For Immediate Release March 23, 2009
WASHINGTON, D.C. – Representative Edward J. Markey (D-Mass.), chairman of twin climate and energy panels in the House, today sent a letter to President Obama, urging the administration to change flawed assumptions in calculating fuel economy standards. The draft regulations currently being considered were developed by the Bush Administration.Republican Rep. Todd Russell Platts of Pennsylvania also authored the letter, which was co-signed by over 80 Democratic and Republican House lawmakers.
“We cannot allow American drivers to be shortchanged by overestimating the costs of implementing fuel economy standards and underestimating the benefits,” said Markey. “The draft regulations were based on flawed assumptions that must be fixed in order to get our national energy policy back on track.”
Rep.
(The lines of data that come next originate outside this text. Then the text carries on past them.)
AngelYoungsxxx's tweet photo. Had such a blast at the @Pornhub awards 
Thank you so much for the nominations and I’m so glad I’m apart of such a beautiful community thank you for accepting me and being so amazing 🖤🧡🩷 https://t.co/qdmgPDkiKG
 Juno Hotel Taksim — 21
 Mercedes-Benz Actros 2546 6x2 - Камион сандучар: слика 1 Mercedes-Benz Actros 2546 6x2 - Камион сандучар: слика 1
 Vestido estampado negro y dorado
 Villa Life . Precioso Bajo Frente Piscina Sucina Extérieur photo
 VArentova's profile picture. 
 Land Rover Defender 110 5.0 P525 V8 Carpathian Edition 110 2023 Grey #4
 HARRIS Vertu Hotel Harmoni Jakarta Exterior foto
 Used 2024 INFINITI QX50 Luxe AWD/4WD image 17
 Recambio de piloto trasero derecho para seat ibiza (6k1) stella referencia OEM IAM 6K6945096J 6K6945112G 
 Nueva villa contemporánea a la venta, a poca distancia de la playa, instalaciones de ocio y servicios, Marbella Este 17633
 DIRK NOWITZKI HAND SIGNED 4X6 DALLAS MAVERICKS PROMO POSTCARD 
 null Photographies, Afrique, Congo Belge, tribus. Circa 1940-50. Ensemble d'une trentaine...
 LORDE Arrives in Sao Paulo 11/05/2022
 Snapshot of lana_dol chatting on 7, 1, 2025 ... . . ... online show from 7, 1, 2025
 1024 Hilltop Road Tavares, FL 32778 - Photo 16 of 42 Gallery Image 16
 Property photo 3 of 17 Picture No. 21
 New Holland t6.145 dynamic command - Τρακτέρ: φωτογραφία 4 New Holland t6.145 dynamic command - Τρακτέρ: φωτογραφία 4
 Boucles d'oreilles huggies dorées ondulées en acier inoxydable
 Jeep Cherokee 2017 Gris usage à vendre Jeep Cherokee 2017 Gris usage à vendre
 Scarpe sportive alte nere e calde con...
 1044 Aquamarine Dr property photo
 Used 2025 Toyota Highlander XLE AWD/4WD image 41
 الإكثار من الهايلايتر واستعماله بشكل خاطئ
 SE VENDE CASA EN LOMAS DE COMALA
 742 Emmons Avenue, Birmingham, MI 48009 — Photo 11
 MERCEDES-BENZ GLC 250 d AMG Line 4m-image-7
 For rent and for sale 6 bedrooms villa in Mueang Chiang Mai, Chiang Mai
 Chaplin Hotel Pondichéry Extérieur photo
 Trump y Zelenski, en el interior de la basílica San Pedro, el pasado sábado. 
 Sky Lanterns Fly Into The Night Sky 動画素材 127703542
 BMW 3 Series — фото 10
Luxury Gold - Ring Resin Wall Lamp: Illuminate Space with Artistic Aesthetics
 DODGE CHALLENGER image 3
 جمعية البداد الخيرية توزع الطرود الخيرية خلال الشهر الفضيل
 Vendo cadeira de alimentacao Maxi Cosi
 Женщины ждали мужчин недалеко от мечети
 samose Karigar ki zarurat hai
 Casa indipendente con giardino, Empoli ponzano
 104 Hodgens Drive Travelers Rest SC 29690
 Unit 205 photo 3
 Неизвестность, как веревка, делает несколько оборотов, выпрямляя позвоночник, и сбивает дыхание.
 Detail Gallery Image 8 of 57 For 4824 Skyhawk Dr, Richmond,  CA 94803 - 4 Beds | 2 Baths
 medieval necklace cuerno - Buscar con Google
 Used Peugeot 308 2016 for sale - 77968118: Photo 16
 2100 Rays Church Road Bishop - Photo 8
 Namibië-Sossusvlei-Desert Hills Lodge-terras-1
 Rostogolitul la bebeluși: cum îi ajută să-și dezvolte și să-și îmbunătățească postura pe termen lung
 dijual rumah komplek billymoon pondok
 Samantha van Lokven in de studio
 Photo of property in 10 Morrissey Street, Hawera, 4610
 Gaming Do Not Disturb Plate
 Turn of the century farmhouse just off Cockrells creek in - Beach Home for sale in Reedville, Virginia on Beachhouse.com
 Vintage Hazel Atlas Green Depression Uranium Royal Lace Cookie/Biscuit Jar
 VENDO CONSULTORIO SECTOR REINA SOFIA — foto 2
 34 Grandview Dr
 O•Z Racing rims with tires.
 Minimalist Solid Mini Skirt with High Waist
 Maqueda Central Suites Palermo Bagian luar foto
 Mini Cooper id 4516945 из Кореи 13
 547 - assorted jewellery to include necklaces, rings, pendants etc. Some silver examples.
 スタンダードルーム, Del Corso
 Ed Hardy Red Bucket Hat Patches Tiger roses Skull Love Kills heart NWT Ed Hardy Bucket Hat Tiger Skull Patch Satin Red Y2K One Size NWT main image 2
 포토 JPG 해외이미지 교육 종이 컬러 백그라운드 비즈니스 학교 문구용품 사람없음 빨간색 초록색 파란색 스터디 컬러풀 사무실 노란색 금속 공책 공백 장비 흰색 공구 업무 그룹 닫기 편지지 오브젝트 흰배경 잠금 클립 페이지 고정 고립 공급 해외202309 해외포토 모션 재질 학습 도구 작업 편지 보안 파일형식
Markey was a principal House author of the first mandated increase in fuel economy standards since 1975, which was contained in the Energy Independence and Security Act of 2007. The new law directs the National Highway Traffic Safety Administration (NHTSA) to raise fuel economy standards for both cars and light trucks to a fleet wide average of at least 35 miles per gallon in 2020, starting with model year 2011 vehicles.
On April 22, 2008, the Bush Administration issued a Notice of Proposed Rulemaking (NPRM) that included proposed standards that should result in a projected fleet-wide average of 31.6 mpg by 2015. The proposal was based on a systemic overestimation of the costs of implementing fuel efficient technologies and a systemic underestimation of its benefits, including an assumption that the price of gasoline in the year 2030 would be $2.51/gallon.
“This decision on fuel economy standards provides you with a historic opportunity to promote the development of more efficient, climate-friendly and technologically advanced vehicles that will put the American automotive industry back on a path to commercial viability,” Markey and Platts wrote in the letter.